LiveCodeBench (contamination-free competitive programming)

Section titled “LiveCodeBench (contamination-free competitive programming)”

LiveCodeBench sources problems from LeetCode, AtCoder, and Codeforces and timestamps each. Pick a start_date after your model’s training cutoff and you have a zero-contamination eval — the model can’t have seen any of these problems during pretraining.

References:

Status: TODO (adapter wired; not benchmarked yet)

Section titled “Status: TODO (adapter wired; not benchmarked yet)”
RunScore
ChimeraNOT RUN
ScenarioWhat it tests
codegeneration (default)Given a problem statement, generate a solution.
selfrepairGiven a buggy solution + failing tests, fix it.
codeexecutionPredict the output of code without running it.
testoutputGenerate test inputs that exercise a target branch.
from chimera.eval.benchmarks import LiveCodeBench
from chimera.eval.harness import Harness
# Code generation, post-GLM-5 training cutoff
bench = LiveCodeBench(
dataset_path="livecodebench.jsonl",
scenario="codegeneration",
start_date="2025-01-01", # after model's training cutoff
)
print(bench.name()) # e.g. "livecodebench-codegeneration-2025-01-01_..."
# Self-repair window
bench = LiveCodeBench(
dataset_path="livecodebench.jsonl",
scenario="selfrepair",
start_date="2025-01-01",
end_date="2025-06-30",
)
{
"problem_id": "twosum-v2-leetcode",
"title": "Two Sum II",
"difficulty": "easy",
"platform": "leetcode",
"release_date": "2025-03-15",
"problem_statement": "...",
"starter_code": "def two_sum(nums, target): ...",
"public_tests": [{"input": "...", "output": "..."}],
"private_tests": [...]
}

Public + private test cases are run with a 30-second per-task timeout. Both sets must pass. The adapter reports per-difficulty breakdowns (easy, medium, hard).
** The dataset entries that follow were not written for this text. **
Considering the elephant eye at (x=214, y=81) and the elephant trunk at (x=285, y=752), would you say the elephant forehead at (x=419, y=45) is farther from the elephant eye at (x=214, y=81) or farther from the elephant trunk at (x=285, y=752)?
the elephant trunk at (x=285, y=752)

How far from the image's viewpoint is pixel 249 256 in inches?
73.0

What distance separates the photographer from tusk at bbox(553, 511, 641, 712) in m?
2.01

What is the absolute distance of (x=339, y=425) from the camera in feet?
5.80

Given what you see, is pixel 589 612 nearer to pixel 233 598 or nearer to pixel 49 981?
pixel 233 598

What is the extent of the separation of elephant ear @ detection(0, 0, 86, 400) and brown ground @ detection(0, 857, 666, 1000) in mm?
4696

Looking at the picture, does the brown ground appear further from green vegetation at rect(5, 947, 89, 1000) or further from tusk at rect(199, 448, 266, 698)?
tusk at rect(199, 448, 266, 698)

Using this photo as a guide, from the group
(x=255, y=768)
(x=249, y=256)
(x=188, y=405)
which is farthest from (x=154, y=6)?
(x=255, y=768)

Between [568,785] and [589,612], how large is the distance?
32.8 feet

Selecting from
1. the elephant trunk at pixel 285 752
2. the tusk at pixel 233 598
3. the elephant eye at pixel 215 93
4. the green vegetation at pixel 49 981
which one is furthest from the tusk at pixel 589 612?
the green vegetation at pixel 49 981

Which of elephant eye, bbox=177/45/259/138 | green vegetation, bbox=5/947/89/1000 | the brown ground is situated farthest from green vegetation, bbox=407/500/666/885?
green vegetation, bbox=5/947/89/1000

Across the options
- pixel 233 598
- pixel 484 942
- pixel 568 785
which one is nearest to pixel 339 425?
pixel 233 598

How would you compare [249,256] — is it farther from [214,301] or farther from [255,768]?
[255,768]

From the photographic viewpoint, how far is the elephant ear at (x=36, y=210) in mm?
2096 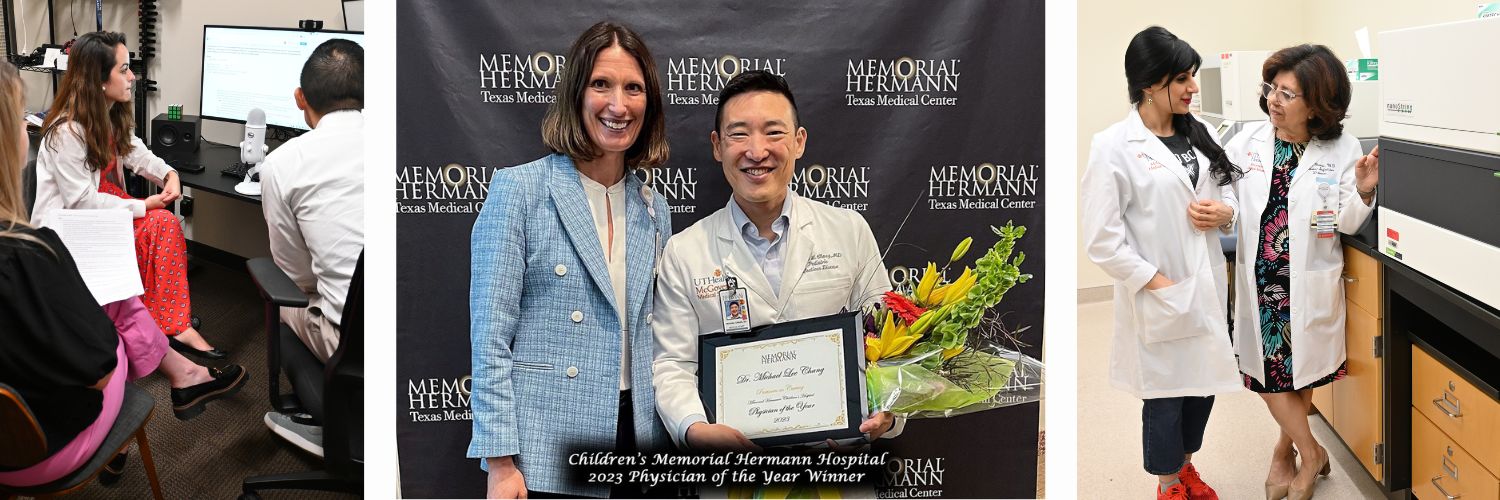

  • Pick start_date carefully. A start date before your model’s cutoff invalidates the contamination guarantee.
  • The dataset is updated monthly. Re-pull periodically to keep the window fresh.
  • Private tests are not redistributable in raw form — load them via the upstream JSONL releases on the dataset’s GitHub releases page.